The first was an Indonesian from Flores who spent most of her time in the living room in front of the TV rather than in the kitchen. Her addiction to instant noodles would have made her worthy of an academic study.

The second, a Cambodian, was worse. She put on weight within weeks of her employment after she discovered the magic of the refrigerator and oven.

But that wasn’t enough. She stole food, secretly storing them in a bag in her room. Apparently, she’s never heard of expiry dates.

Still, that was tolerable until she decided to go on a mutiny, snubbing directives and snapping back at her boss. Then she walked off and refused to come back.

Here’s the best part: the agency had the audacity to ask for her salary to be paid despite her absence without leave and work not rendered.

I won’t be surprised if she has been “recycled” and is now with another desperate Malaysian couple who needs a maid.

There’s another story. Lady boss asked the Cambodian maid why she had not prepared the husband’s breakfast as she was told.

The maid’s reply: “Madam, Sir is already big. Sir knows how to make breakfast. I no need.”

I swear this is not made up, but I am not sure if the maid has gone for counselling or if she has been sent back to Cambodia.

And here’s another one. There is a friend who installed CCTV at his home so he could monitor what’s happening there from his office. Lucky for him – he found out he had a psychopath on his hands when he saw his Indonesian maid regularly talking to her image in the mirror and rolling on the floor laughing hysterically.
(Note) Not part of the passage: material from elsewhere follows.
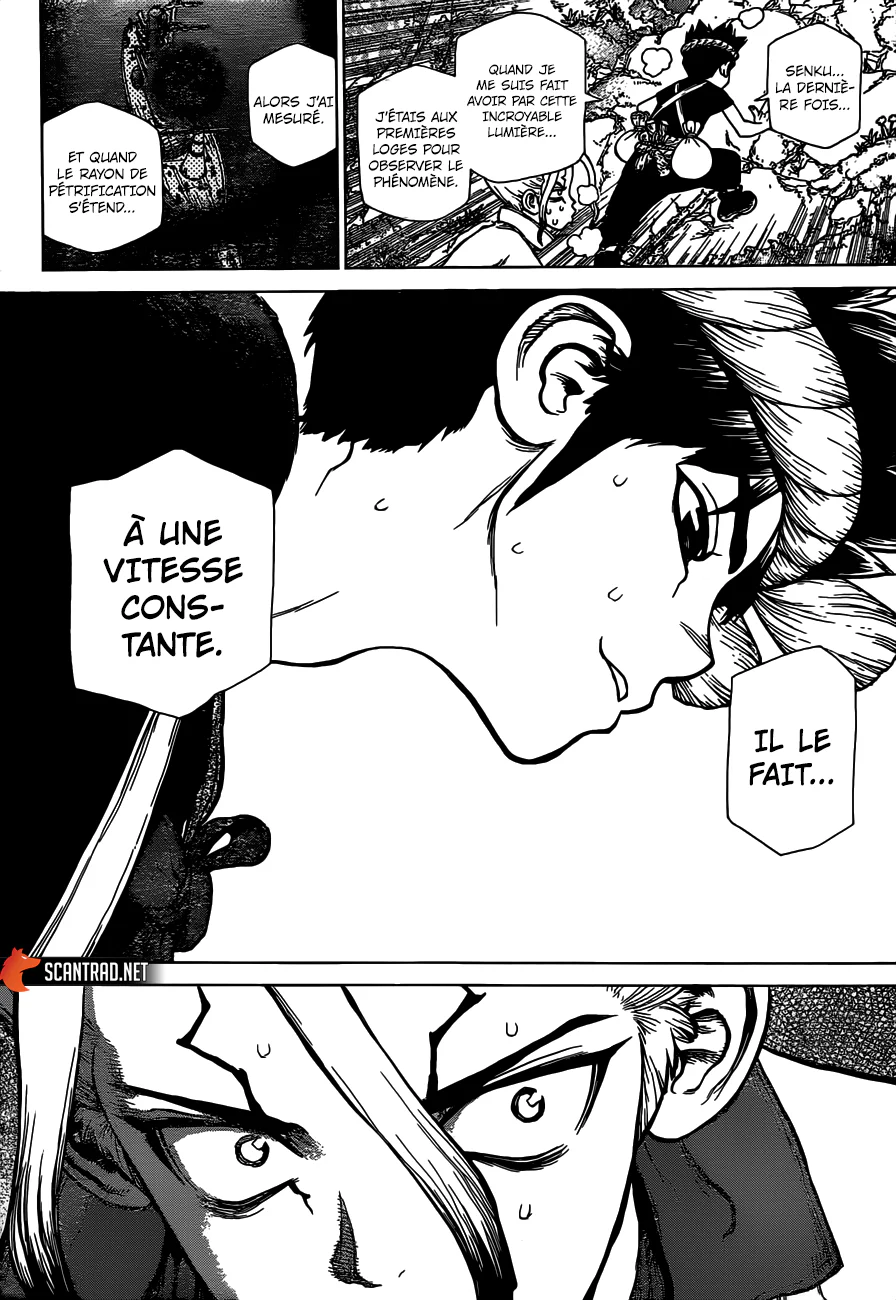 Dr. STONE Chapitre 15 - Page 150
She would burn so-called blessed papers, presumably jampi, and insist that his children consume them before they went to school. The final straw came when she asked my friend to post her “love letters” – addressed to President Suharto!

Again, we are not sure if she’s safely back and undergoing mental treatment in her home country or if she’s with another new Malaysian tuan. Hope someone tells her there’s now a new Indonesian president.

There may be stories of maids being abused and certainly Malaysians in their right mind would not tolerate such incidents. It gives our country a bad name and also leads to pressure from their countries to slow down the numbers coming in to Malaysia.

But there are also stories of Malaysian employers who suffer emotional and financial abuse from maids. These are less reported but that does not mean they are isolated cases or it’s simply because non-governmental organisations are not taking up cases of abused employers.

So, Malaysians are not amused when Indonesia tells us that their maids headed here will only perform one task and must be paid RM700 for that.

I believe Malaysian employers would not mind paying more, but not for less work. Pressing frustrated employers with such unreasonable demands is certainly going overboard.

It has been reported that the fresh batch of 106 Indonesian maids headed here would only carry out one task for their bosses. They would be trained to do four household chores – cooking, babysitting, taking care of the elderly, and housekeeping – but will perform only one of these tasks for their employers.

The report stated that the workers were undergoing four skills training courses over 21 days and must be paid RM700 a month by their Malaysian employers.

The Malaysian Maid Employers’ Association and Malaysian National Association of Employ­ment Agencies have rightly questioned the announcement. Come on, this one is surely a bad deal.